Avant de rentrer dans « le vif du sujet » permettez nous encore de clarifier nos positionnements à propos des Commissions de Solidarité Territoriale. Les convocations en commissions nous semblent avant tout répondre à un objectif répressif (et non de « solidarité »), au travers duquel les bénéficiaires sont poussé·es à intérioriser l’idée qu’il·les sont responsables de leur précarité, qu’il·les sont un poids voir un fardeau pour la société, et qu’en conséquence il convient de les orienter quitte à les menacer de n’avoir plus aucun revenu.
Convaincus de l’inefficacité, du cynisme et de la violence de cette stratégie, nous considérons au contraire que le RSA peut établir un début de justice pour toutes les personnes que le système maintient dans la pauvreté. Pauvreté qui leur retire tout moyen de faire leurs choix.
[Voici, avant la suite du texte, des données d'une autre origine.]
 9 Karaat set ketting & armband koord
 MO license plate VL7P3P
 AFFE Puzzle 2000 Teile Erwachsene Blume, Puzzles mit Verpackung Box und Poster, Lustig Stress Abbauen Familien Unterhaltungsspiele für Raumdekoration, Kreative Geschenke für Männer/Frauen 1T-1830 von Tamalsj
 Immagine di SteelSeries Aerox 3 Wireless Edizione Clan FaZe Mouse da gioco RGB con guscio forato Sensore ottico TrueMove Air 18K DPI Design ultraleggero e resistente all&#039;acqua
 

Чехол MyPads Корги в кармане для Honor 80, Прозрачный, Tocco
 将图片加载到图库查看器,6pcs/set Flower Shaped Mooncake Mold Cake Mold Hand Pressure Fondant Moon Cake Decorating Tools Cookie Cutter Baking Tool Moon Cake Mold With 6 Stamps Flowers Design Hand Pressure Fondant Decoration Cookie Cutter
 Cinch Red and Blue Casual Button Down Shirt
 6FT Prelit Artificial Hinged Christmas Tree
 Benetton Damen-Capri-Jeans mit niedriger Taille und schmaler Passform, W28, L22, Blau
Nous sommes donc, à la manière d’autres associations, et à l’inverse de votre politique de « réinsertion forcée », pour l’instauration d’une solidarité inconditionnelle, c’est-à-dire pour un RSA sans surveillance rapprochée (suppression des CST, CER, et autres accompagnements obligatoires).
Si nous sommes conscient que cela n’est pas de votre ressort, vous êtes en revanche responsable de l'(in)validation des contrats d’insertion et des convocations en commission. De ce fait, vous êtes responsable des sanctions et de leurs conséquences désastreuses, morbides : situations d’extrême pauvreté, de malnutrition, de précarité sanitaire, de détresse, d’isolement, etc. Vous êtes aussi responsable des renoncements encouragés par ces procédures basées sur la menace : abandon de droits et découragement des personnes sur tous les plans.


Nos questions :


En premier lieu, nous aimerions savoir à combien de personnes a-t-on coupé les vivres en Ariège en 2020, en pleine crise sanitaire. Combien il y a eu de CST (pendant et en dehors des confinements) ? Et combien de sanctions ont été prononcées à leur suite ( combien de diminutions du RSA, de suspensions, de radiations) ?
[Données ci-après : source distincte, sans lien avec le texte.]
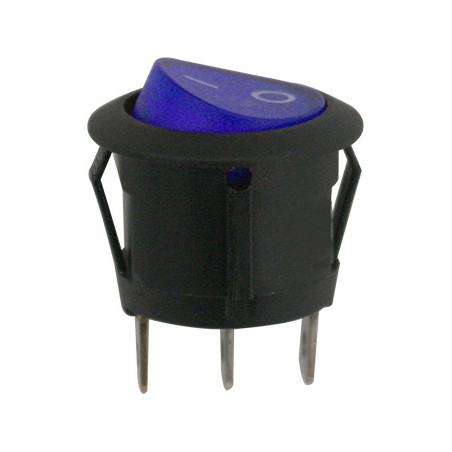 ROCKER SWITCH Ø 20 mm 12 V - 15A / 3 PIN BLUE ILLUMINATED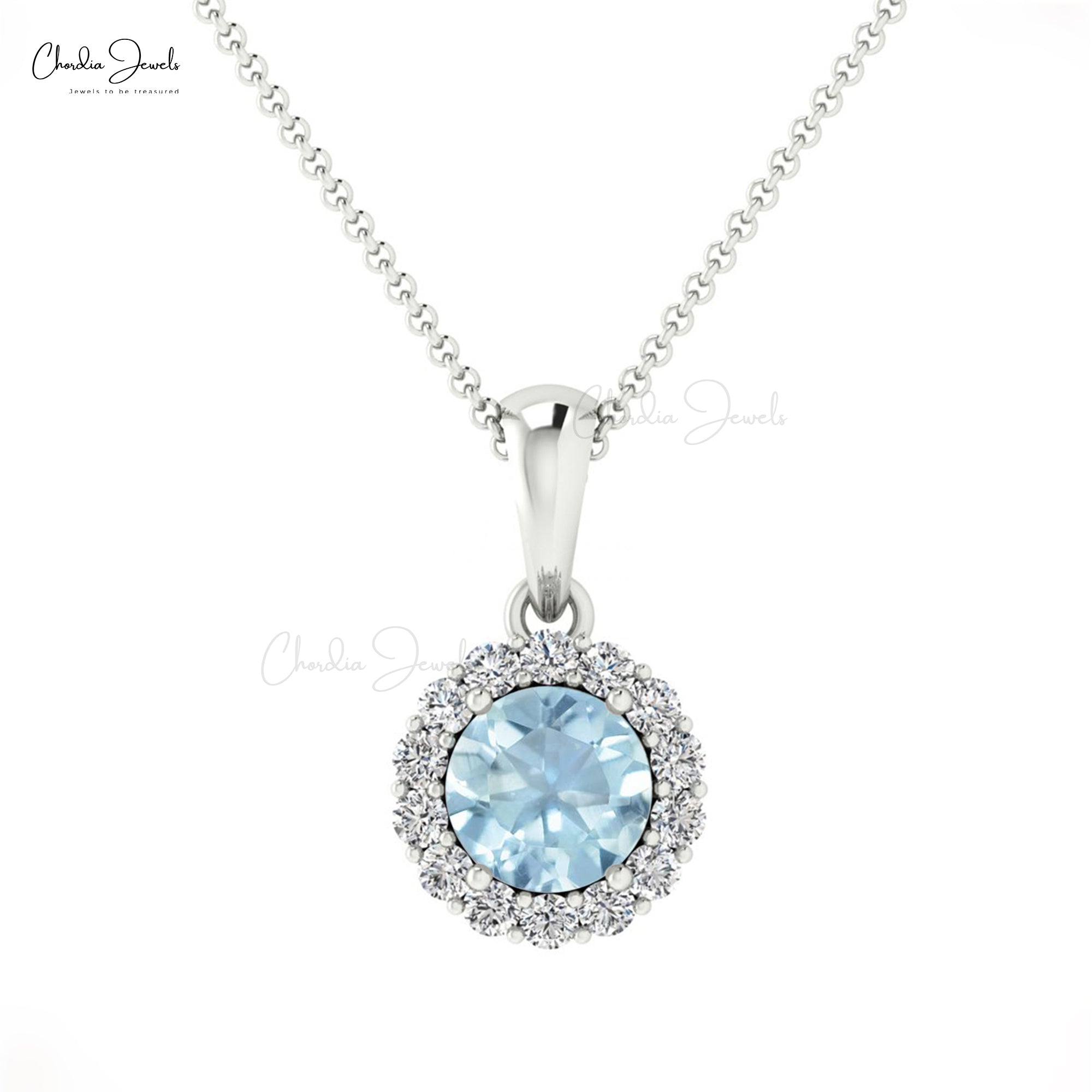 Real 14k Gold Halo Pendant With 4mm Aquamarine Round Cut And Diamond Hallmark Necklace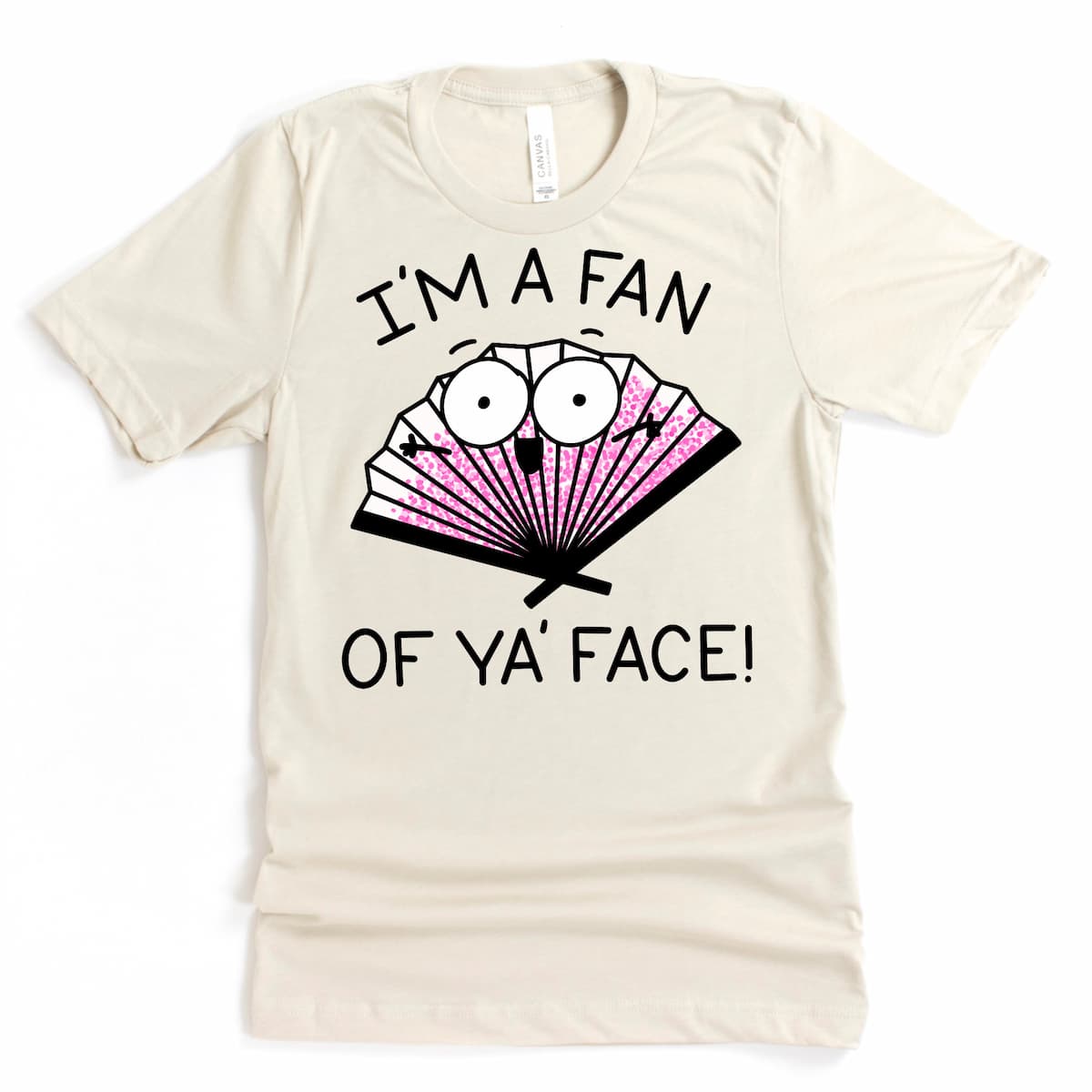 Lighthearted friendship t-shirt with cute fan illustration and funny phrase, available in Heather Dust, by Kalirally.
Étant donné le risque de sanction qu’encourt l’allocataire lors des convocations en CST, peut-on encore véritablement parler de contrat « librement débattu » ? N’est-ce pas plutôt une forme de chantage, qui sert à forcer l’allocataire à accepter un contrat (CER) qui ne lui convient pas ? Celui-ci n’est-il pas censé être « librement débattu » ? Nous avons connaissance de cas de convocation en CST pour contrat invalide alors que ledit contrat n’est même pas encore établi ou finalisé avec l’allocataire… A nos yeux, vos méthodes vont à l’encontre de l’obligation de tenir « compte de la formation du bénéficiaire, de ses qualifications, de ses connaissances et compétences acquises au cours de ses expériences professionnelles, de sa situation personnelle et familiale, ainsi que de la situation du marché du travail local », puisque la menace de sanction est utilisée pour obliger le bénéficiaire à renoncer à ce qu’il fait, ce qu’il est. Tout au long des « entretiens », nombre d’allocataires sont poussés à l’échec, en se voyant fixer des objectifs intenables (pendant la pandémie : obligation de trouver un emploi alors que la moitié du pays est en « chômage partiel », ou d’augmenter son chiffre d’affaire), le tout de façon humiliante et infantilisante. Ces entretiens ont explicitement pour but une « sortie du rsa » rapide, et pas du tout « l’insertion » à moyen et long termes, avec donc un retour prévisible à la case « précaire ».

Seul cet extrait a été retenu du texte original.